### Records for this task
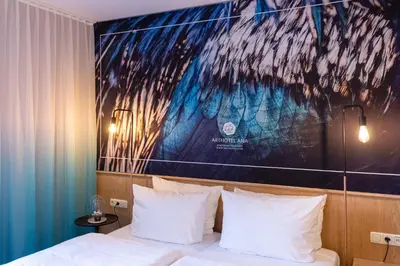 Ein Bett oder Betten in einem Zimmer der Unterkunft Arthotel ANA Aura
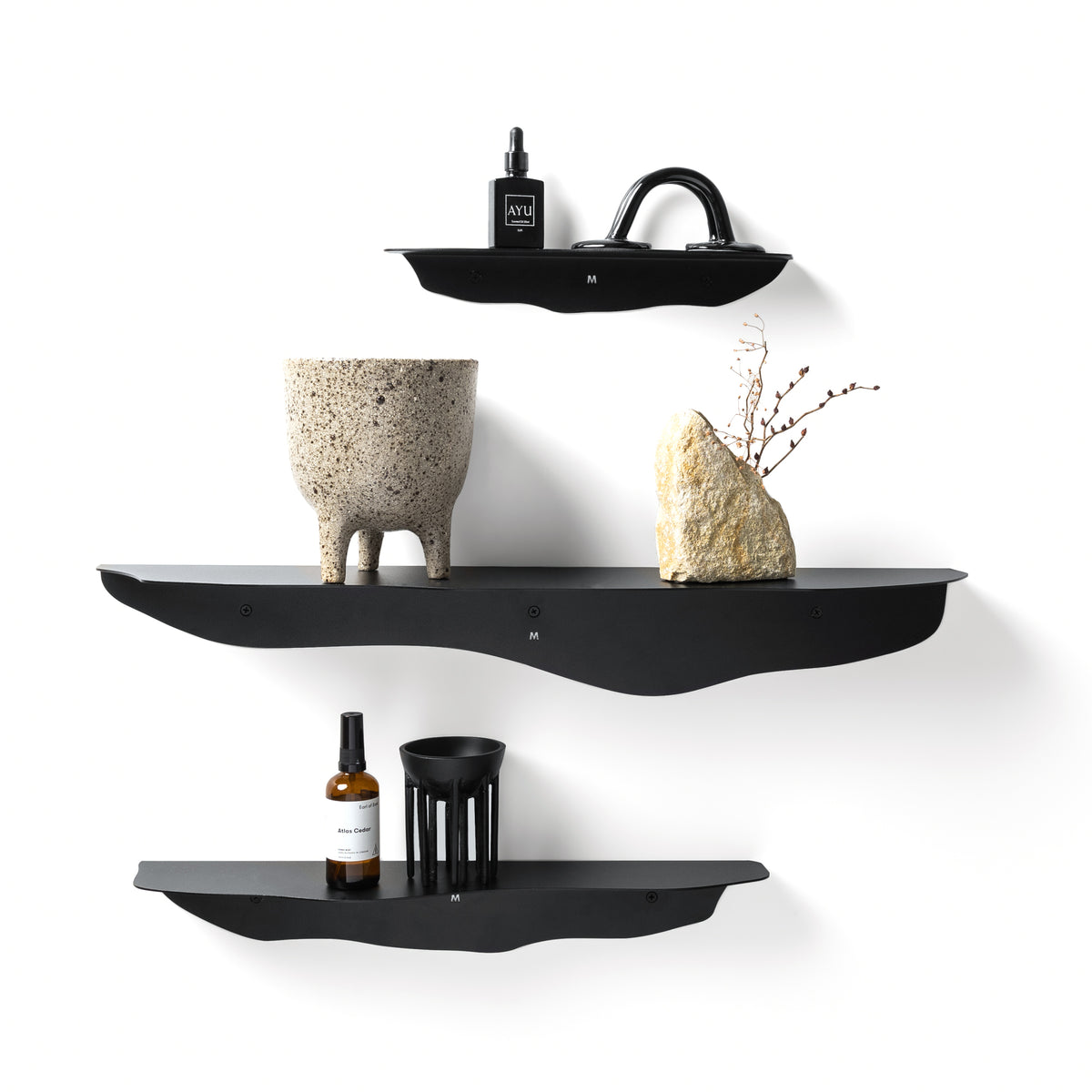 Three black wavy shelves staggered on a white wall with a stone planter, vase and candle holder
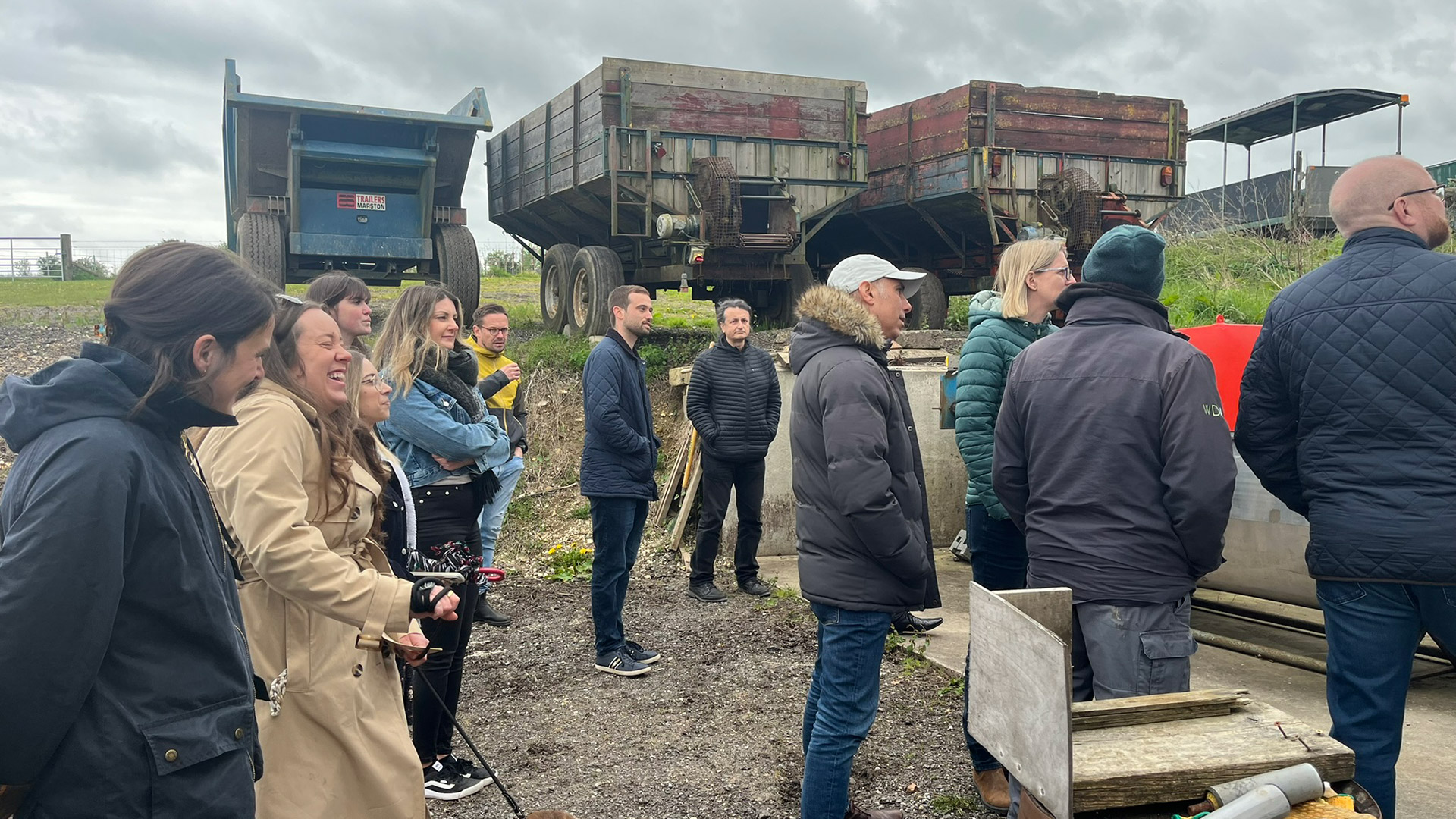 employees on cider tour looking at apple press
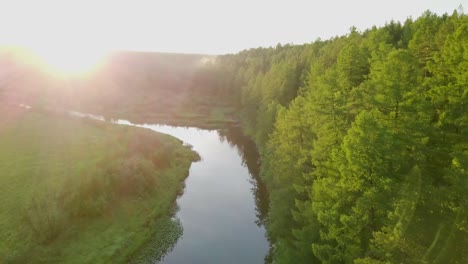 sunrise over a serene river and forest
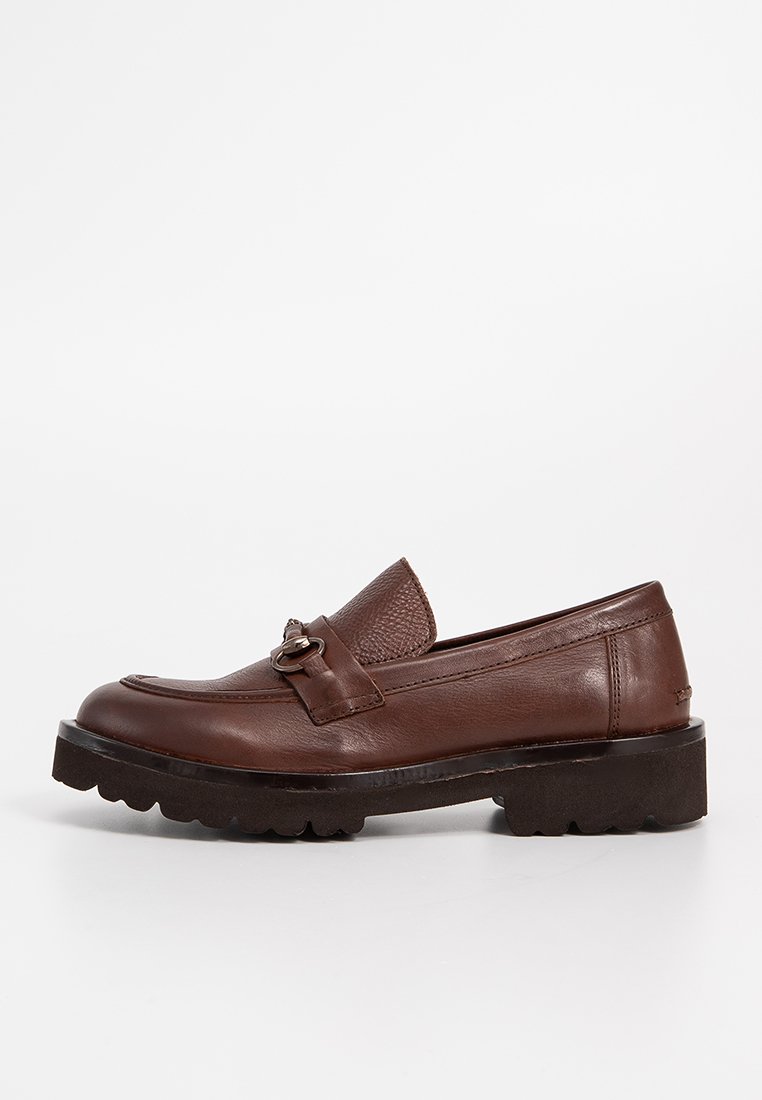 Mocasines de cuero marrón con un vampiro texturizado y una hebilla decorativa. Suela de goma gruesa con un patrón de tracción robusto para un mejor agarre.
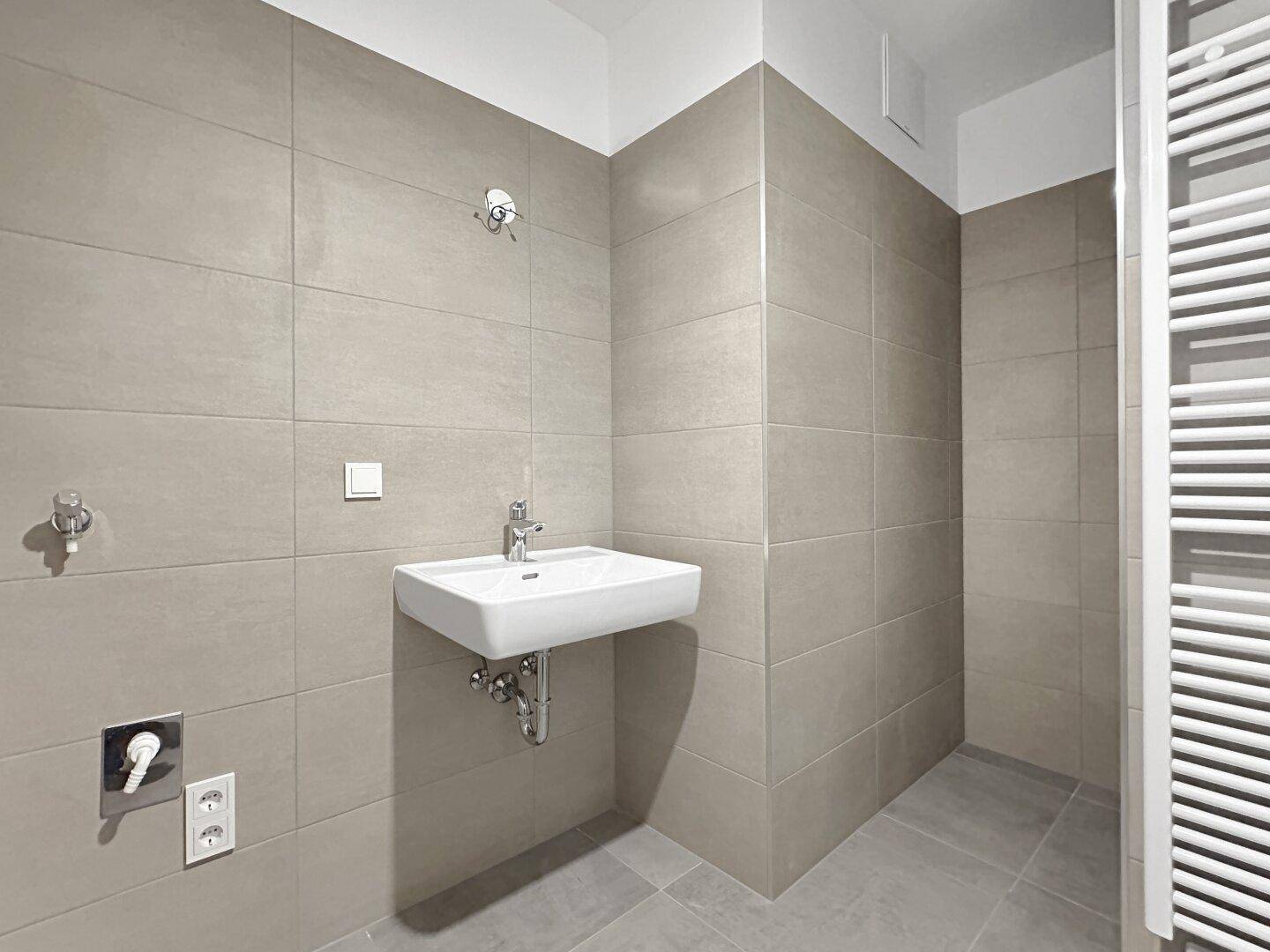 Modernes Badezimmer mit grauen Fliesen, wandhängendem Waschbecken und beheiztem Handtuchhalter.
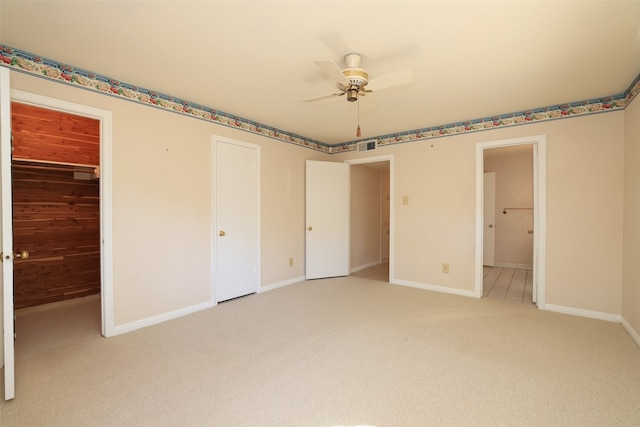 unfurnished bedroom with wood walls, light carpet, ensuite bathroom, ceiling fan, and a closet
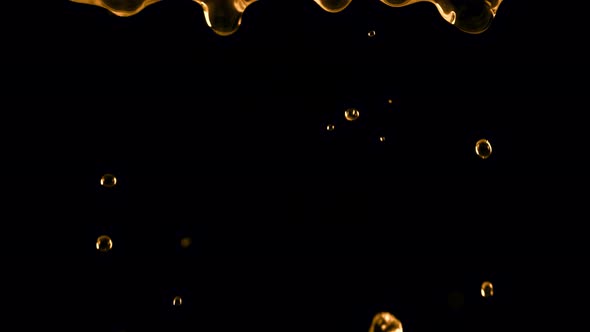 Super Slow Motion Shot of Falling Golden Droplets Isolated on Black Background at 1000 Fps alt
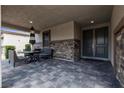 A covered outdoor patio with stone accents, a black patio set, and recessed lighting at 9570 Thistle Creek Ave, Las Vegas, NV 89178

### Prompt
Leave out the pictures, and write out exactly the lines from the line containing "employees on cider" through the end of the records above.

### Task response
 employees on cider tour looking at apple press
 sunrise over a serene river and forest
 Mocasines de cuero marrón con un vampiro texturizado y una hebilla decorativa. Suela de goma gruesa con un patrón de tracción robusto para un mejor agarre.
 Modernes Badezimmer mit grauen Fliesen, wandhängendem Waschbecken und beheiztem Handtuchhalter.
 unfurnished bedroom with wood walls, light carpet, ensuite bathroom, ceiling fan, and a closet
 Super Slow Motion Shot of Falling Golden Droplets Isolated on Black Background at 1000 Fps alt
 A covered outdoor patio with stone accents, a black patio set, and recessed lighting at 9570 Thistle Creek Ave, Las Vegas, NV 89178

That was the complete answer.